Jim does most of the cooking in their household (he’s mad about cooking), so Christmas and birthdays usually result in a few cooking gadgets being bought as presents, all of which need to find new homes in the kitchen. Since Anna is the better organiser, this job always falls to her.

After the kitchen has been rearranged, she always gives Jim a walk through of where things are now located: “See? The new blender is next to the fruit bowl so we can have smoothies every morning for breakfast, and I put the Progressive International Green Asparagus Peeler on the hook next to pots so you’ll always know where it is.”

But the next time Jim tries to cook a meal he invariably discovers that one of the tools he uses the most is now stored at the back of the cupboard, or on top of it, or has been moved out of the kitchen altogether and now lives in a box under the stairs.

Jim’s culinary suffering is caused by one thing: Anna optimising the uncommon case.

The Common Case Is The Most Important

It can be difficult for a software engineer to focus on optimising things that will yield the largest reward. I often struggle myself. Instinctively, we’re drawn to the most complex and interesting areas because they’re the most fun, and the most important code isn’t always the most interesting.

Now, Anna is really good at organising and she enjoys it a lot. But even though her kitchen is always neat and tidy, it doesn’t mean it’s organisesd in a way that will have the most benefit for the person doing the cooking.

Who cares if the good china is sorted by size and colour if your one and only chef’s knife is stored in a cupboard so high you need ladders to reach it every time?

Find The Common Case

If Anna wants to know which utensils are the most important she could just ask Jim. He’s probably in tune enough with his cooking habits to answer accurately. But a more reliable method would be to observe him cooking monitor which ones he uses the most.

It’s the same thing with software. Engineers can ask their users what workflows or features they use the most (or worse, rely on their own intuition) but a far better way is to gather this data automatically through profiling or monitoring, or both.

Watch Out For Changes

Of course, things rarely stand still and it’s important to filter out the change that’s just noise from the change that has significance for day-to-day operations. Every once in a while Jim gets a present that replaces one of his faithful tools, and then it makes total sense to give that new gadget pride of place in the kitchen because it’s going to be used more than 95% of the other gadgets.

The optimisations of yesterday might no longer be applicable if your code base or user behaviour has changed significantly.

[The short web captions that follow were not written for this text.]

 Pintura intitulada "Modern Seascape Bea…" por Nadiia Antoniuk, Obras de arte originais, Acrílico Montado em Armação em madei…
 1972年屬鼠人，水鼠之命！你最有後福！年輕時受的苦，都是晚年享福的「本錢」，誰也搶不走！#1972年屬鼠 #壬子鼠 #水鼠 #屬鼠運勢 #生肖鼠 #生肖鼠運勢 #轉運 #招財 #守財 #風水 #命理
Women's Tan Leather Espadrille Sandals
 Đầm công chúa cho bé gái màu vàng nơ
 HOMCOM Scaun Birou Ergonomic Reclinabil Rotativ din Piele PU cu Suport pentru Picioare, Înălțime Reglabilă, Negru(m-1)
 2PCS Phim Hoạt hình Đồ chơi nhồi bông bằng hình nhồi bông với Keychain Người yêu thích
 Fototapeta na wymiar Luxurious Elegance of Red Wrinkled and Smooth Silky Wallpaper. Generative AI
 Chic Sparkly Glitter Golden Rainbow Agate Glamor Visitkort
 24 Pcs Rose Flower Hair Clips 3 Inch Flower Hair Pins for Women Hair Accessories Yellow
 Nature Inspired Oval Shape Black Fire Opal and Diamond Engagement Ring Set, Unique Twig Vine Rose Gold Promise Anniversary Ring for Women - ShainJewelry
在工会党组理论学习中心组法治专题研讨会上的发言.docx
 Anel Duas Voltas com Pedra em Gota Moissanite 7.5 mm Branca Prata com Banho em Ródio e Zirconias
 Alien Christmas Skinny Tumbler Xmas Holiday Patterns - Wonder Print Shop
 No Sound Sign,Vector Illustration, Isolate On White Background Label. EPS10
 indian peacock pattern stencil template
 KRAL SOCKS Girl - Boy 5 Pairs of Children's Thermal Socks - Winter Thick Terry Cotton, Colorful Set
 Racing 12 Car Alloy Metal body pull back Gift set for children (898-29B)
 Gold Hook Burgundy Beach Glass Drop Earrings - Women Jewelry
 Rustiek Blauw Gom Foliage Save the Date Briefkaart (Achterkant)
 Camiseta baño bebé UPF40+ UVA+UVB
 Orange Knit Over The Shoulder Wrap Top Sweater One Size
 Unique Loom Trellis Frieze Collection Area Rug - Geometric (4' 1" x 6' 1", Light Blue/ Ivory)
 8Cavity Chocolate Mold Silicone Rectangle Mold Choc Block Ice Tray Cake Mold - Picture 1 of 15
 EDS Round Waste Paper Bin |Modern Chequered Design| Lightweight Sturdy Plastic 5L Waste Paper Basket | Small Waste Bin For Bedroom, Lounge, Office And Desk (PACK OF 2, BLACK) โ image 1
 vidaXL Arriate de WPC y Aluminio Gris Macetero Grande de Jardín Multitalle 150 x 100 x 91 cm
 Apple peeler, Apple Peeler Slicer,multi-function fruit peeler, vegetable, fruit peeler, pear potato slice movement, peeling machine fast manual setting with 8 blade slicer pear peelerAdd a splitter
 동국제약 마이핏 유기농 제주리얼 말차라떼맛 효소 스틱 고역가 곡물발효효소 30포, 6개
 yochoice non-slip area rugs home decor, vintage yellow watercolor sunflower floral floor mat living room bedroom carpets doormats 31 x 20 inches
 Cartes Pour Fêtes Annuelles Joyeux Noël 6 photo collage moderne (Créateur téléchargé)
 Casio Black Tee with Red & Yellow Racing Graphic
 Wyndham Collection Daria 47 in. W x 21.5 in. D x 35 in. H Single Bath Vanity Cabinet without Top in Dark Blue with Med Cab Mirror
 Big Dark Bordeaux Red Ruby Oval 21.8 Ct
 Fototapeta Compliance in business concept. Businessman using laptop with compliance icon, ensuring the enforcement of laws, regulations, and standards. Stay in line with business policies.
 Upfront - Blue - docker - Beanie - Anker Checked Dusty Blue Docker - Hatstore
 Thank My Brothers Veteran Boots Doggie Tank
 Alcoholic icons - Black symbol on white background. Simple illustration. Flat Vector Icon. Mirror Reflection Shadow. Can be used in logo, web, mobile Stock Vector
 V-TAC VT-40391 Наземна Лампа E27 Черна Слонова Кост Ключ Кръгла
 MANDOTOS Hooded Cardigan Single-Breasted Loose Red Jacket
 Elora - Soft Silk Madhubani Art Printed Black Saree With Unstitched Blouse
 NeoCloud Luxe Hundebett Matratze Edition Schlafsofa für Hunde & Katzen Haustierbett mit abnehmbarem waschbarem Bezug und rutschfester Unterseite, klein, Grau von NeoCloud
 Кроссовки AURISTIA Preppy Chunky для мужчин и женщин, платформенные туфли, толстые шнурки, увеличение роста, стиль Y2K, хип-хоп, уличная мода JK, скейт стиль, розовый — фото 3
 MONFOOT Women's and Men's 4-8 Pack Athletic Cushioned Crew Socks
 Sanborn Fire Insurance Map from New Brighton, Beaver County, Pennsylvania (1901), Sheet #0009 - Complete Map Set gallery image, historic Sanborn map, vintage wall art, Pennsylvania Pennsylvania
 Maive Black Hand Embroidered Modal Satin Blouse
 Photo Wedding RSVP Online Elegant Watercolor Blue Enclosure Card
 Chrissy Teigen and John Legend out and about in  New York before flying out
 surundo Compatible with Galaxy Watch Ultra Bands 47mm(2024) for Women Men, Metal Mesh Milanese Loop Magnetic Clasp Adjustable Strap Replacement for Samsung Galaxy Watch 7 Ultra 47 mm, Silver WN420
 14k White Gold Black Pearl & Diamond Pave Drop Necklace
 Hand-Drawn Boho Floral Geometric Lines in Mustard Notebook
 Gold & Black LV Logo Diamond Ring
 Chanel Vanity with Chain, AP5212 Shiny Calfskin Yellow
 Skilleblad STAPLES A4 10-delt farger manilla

You need to be vigilante and aware of when the common case has changed and has been replaced with something new.

Correct optimisation isn’t always about working on really hard and interesting problems, in fact, more often than not, it’s the really mundane code that offer the most gain when optimised.

It’s unfortunate that we can’t always be designing new algorithms or writing hand-crafted assembly, but then, real life isn’t all blenders and asparagus peelers either.